Eine Abtreibung bringt im Jemen eine Familie in arge Bedrängnisse. Amr Gamal erzählt mit sensiblem Gespür von den schmerzhaften Auswirkungen des Bürgerkriegs.

Text: Sarah Stutte / 15. Aug. 2024
  • Regie

    Amr Gamal

  • Buch

    Mazen Refaat, Amr Gamal

  • Kamera

    Mrinal Desai

  • Schnitt

    Rebecca Trösch

  • Darsteller:innen

    Khaled Hamdan, Abeer Mohammed, Samah Alamrani

Ein Blick von oben auf das nächtliche Treiben vor einer Markthalle. Erst hören wir die Stimme von Ahmed, der zusammen mit seiner Frau Isra’a in der Hafenstadt Aden im Süden des Jemen lebt. Dann sehen wir beide in der Halle vor einem Stand. Sie kaufen Gemüse. Auf dem Weg nach draussen beschwert sich Ahmed über den Preis, den er für zu hoch hält.

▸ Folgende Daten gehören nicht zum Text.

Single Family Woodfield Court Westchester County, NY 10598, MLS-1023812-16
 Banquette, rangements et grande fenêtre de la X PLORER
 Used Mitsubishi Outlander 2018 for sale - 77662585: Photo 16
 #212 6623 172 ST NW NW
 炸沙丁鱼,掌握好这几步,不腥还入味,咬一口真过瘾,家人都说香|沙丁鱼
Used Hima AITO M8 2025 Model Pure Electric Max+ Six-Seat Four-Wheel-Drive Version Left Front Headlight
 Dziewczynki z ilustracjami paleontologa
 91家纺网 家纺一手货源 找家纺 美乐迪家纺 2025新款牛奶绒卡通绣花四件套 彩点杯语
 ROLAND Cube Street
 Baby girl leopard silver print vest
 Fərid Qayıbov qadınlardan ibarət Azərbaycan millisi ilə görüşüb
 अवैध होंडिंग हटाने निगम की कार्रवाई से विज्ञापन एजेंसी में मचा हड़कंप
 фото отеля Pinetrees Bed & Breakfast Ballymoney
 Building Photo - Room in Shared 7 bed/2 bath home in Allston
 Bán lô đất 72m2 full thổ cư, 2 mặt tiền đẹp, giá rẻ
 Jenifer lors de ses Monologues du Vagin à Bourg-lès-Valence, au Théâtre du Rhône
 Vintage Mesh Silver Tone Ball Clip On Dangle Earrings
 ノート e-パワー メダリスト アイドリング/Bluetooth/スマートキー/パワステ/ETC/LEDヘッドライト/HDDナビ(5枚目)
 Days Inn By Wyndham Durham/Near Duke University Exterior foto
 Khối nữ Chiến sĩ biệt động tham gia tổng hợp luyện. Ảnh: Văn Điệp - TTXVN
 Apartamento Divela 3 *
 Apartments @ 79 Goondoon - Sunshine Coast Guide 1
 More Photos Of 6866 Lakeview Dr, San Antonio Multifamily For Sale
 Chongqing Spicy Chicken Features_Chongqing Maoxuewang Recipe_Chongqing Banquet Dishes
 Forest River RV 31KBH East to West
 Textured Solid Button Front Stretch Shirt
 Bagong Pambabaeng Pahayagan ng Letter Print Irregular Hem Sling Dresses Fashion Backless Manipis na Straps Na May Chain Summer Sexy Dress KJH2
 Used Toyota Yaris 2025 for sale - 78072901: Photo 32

Früher war das Ehepaar beim zweitgrössten TV-Sender des Landes angestellt. Dann verloren beide ihre Jobs. Schuld daran ist der seit 2014 tobende Bürgerkrieg, der das ohnehin ärmste Land der Arabischen Halbinsel in eine schwere Wirtschaftskrise stürzte. Nun kümmert sich Isra’a um die gemeinsamen drei Kinder und Ahmed fährt mit seinem Minibus Taxi.

The Burdened ist der erste Spielfilm aus dem Jemen, der je an die Berlinale eingeladen wurde. Im letzten Jahr gewann er dort den Amnesty-International-Filmpreis. Am Festival erzählte Regisseur Amr Gamal von den schwierigen Bedingungen, von denen die Dreharbeiten geprägt waren – Stromausfälle, Wassermangel, Militärkontrollen.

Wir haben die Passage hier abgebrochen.